*** Dataset excerpt Section Begins ***

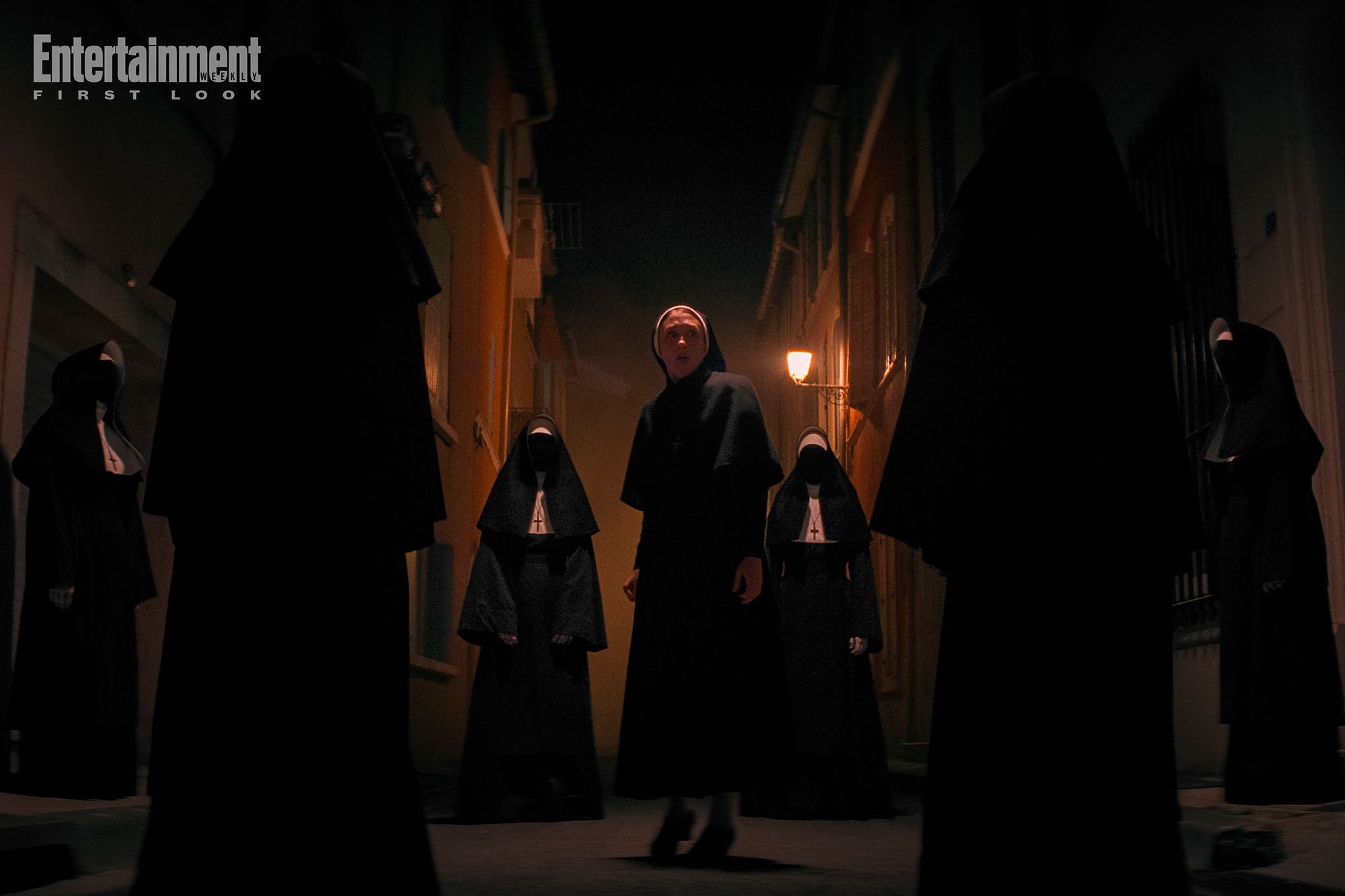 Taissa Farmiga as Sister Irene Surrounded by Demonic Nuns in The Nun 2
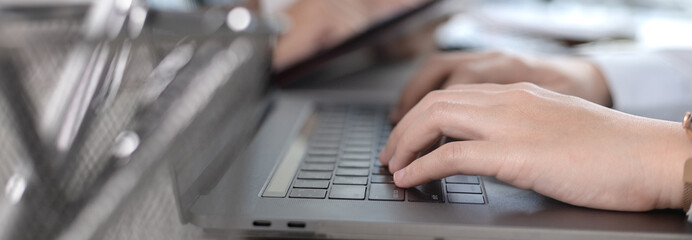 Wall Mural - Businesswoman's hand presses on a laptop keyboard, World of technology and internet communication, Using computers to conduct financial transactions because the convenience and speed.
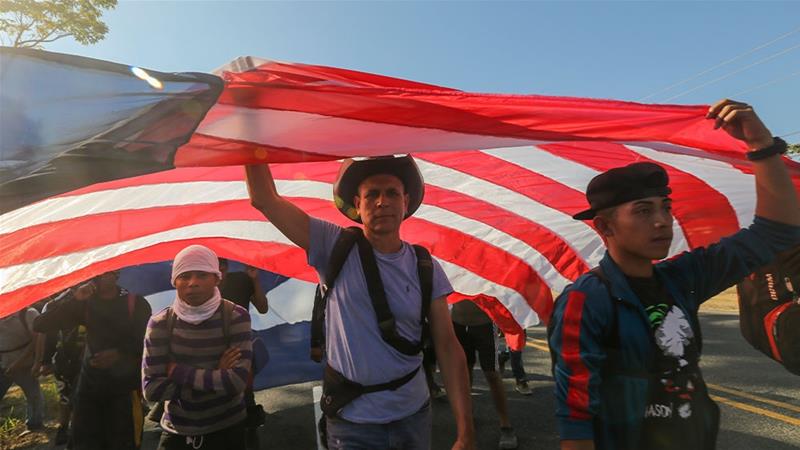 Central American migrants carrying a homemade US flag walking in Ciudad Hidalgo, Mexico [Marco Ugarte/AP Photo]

*** Dataset excerpt Section Ends ***

Only those lines from the one containing "Wall Mural - Businesswoman's" to the end of the material above, retyped exactly and without pictures, belong in your reply.

## Expected answer
 Wall Mural - Businesswoman's hand presses on a laptop keyboard, World of technology and internet communication, Using computers to conduct financial transactions because the convenience and speed.
 Central American migrants carrying a homemade US flag walking in Ciudad Hidalgo, Mexico [Marco Ugarte/AP Photo]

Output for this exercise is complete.